Importance of variables in the Random Forest model (in % of increasing Mean Squared Error, %IncMSE).

Figure 2
figure 2

Regression Kriging predictions of SiCaCl2 concentrations in French topsoils at 90 m resolution. (a) continuous colour gradient representation; (b) categorical representation in 3 classes of SiCaCl2 concentrations based on critical values defined for sugarcane and rice28,29,31 for soils cropped in wheat, obtained by crossing the ‘arable land’ pixels, ‘permanent crop’ and ‘heterogeneous agricultural’ areas with the exception of ‘agro-forestry’ of Corine Land Cover classes54 with municipalities for which type of farming is primarily cereal crop, according to French OTEX classification (Orientation Technico-Economique des Exploitations). We removed the municipalities from 7 departments (Ain, Haut-Rhin, Bas-Rhin, Gironde, Pyrénées-Atlantiques, Hautes Pyrénées, Landes) where corn is the main cereal under production. Maps were generated using ArcGIS software version 10.7.1 (ESRI: https://www.esri.com/en-us/home).

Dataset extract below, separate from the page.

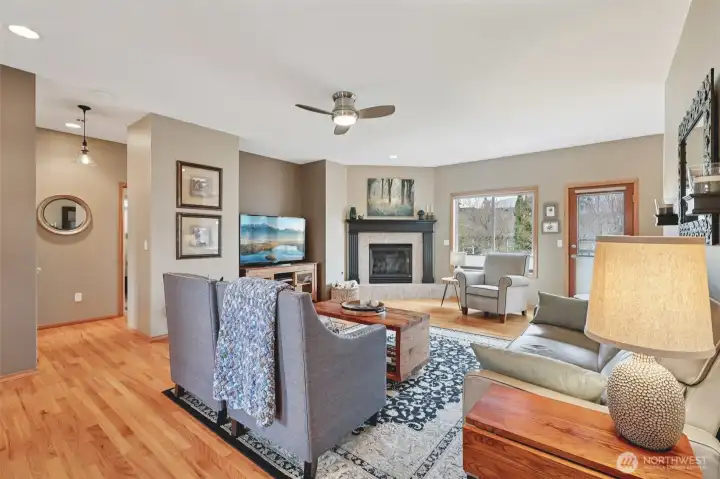 Bright entry opening into the main living area with hardwood floors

Physical and chemical control of SiCaCl2 in non-cultivated soils

In this part, only non-cultivated soils are considered to study the mechanisms that occur naturally in soils, without the influence of agriculture that generally strongly modifies some of the soil characteristics considered as PAS drivers, notably the soil pH by liming for slightly acidic to acidic soils, the soil organic carbon concentration (SOC).

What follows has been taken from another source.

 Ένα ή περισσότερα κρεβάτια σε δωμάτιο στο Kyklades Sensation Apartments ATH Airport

Overall correlations between the main soil characteristics and SiCaCl2 concentrations

In the non-cultivated soils, we confirmed previous findings indicating that SiCaCl2 concentration was positively correlated (Table 2) with pH (r = 0.46) and the < 2 µm fraction (r = 0.59). The relationships with SOC and iron oxides (estimated by the Mehra Jackson extraction method48) were weaker (with r of 0.27 and 0.35, respectively). SiCaCl2 was also positively correlated with CEC (r = 0.59), exchangeable Ca (r = 0.54), and CEC of < 2 µm fraction (r = 0.44). The correlation of SiCaCl2 with pH indicated that SiCaCl2 concentration may be controlled by Si adsorbed on the surface of soil minerals and/or by the soil weathering state25,26. The correlation of SiCaCl2 with the < 2 µm fraction can be attributed to the presence of small phytoliths49, clay mineral dissolution50, or adsorption onto clay minerals51.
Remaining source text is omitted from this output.